Monday, Jun. 07, 1943
Last Ditch
The Japanese admitted the loss of Attu this week. Tokyo reported that the Jap forces perished in a desperate counterattack. The U.S. Navy, more reserved, believed there were still last-ditch snipers around Chichagof Harbor. This belief was borne out by an account of the fighting sent from U.S. Aleutian Headquarters by TIME Correspondent Robert Sherrod late last week:
Now the Japs are pinned on and around a nameless little peninsula that sticks out into Chichagof Harbor -- an area from three to seven thousand yards deep and maybe four thousand yards wide. The battle now is a matter of yards.
A ridge cuts down the peninsula, its fog-hidden peaks rising at times to a height of 2,000 ft. Here the Japs dug in, under rock ledges and beside boulders, their machine guns cleverly camouflaged, their snipers posted at angles to protect the machine gunners. Jap strategy is plain: to die, but to take as many Americans with them as possible.
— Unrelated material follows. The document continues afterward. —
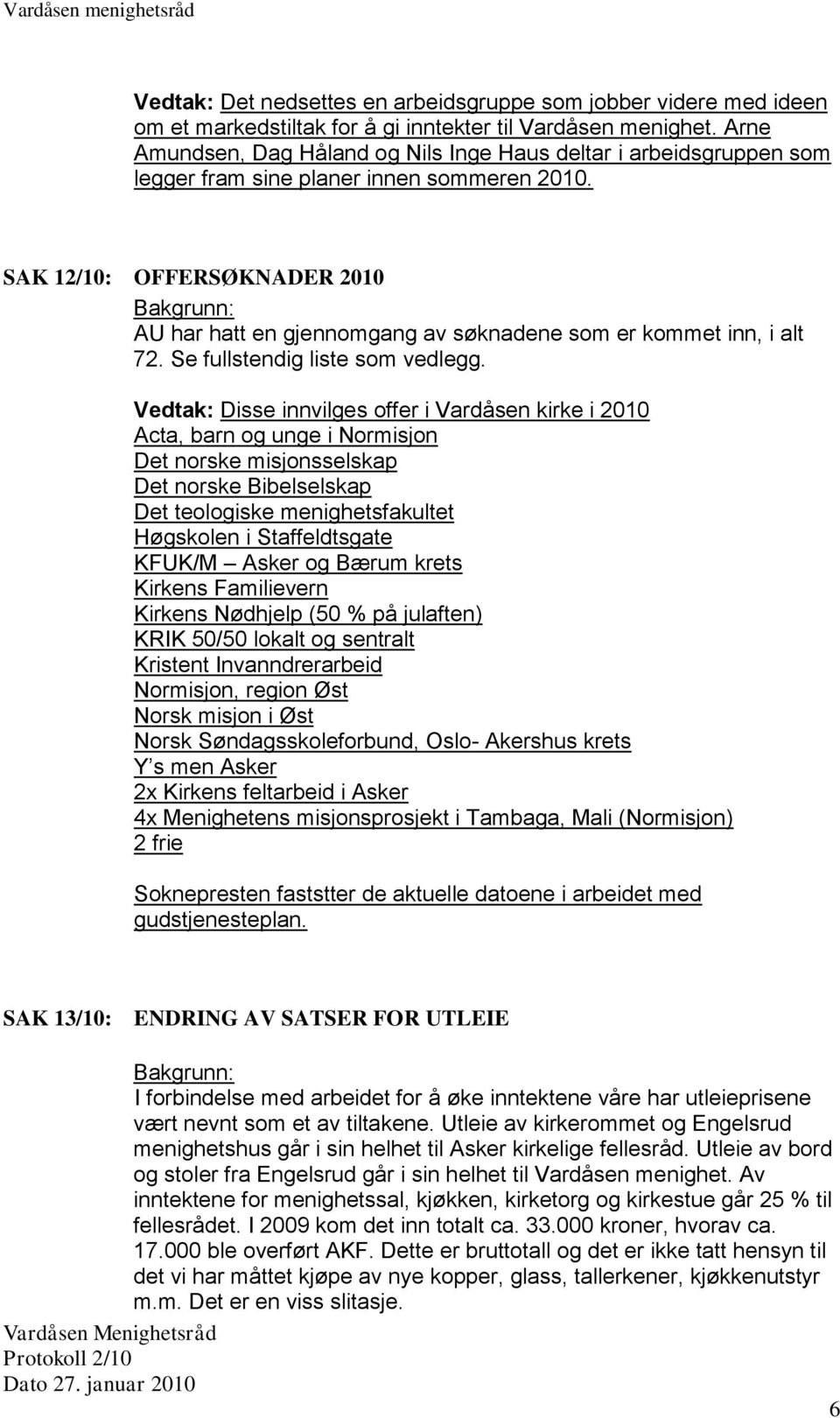 SAK 12/10: OFFERSØKNADER 2010 AU har hatt en gjennomgang av søknadene som er kommet inn, i alt 72. Se fullstendig liste som vedlegg.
Snipers and machine gunners have plenty of ammunition and food. They are warmly dressed for the damp, chilling weather --their caps with ear muffs are filled with kapok, their gloves, boots and heavy coats are lined with white rabbit fur.
The Japs had expected a long stay on Attu. Their food supplies were ample: shrimp and crab meat and bamboo shoots, spices and soy sauce and dried black seaweed for flavoring rice. They varied this diet by catching salmon and halibut, shooting Emperor geese and Yukon River ducks. They had hundreds of gallons of sake.
Their remaining stay on Attu now appears to be short. Now the fighting has narrowed to a battle of soldier against soldier. U.S. troops are going in with rifle and bayonet and prying out each sniper, then blasting out each machine gunner with grenades. Such fighting takes canny soldiering. It takes guts.
Such fighting also entails losses. But losses to weather on the slopes of Chichagof ridge may top losses to Jap bullets.
A fairly high proportion of the Japs on Attu have already been killed. The rest will be killed as soon as they can be reached. So far no Jap has surrendered.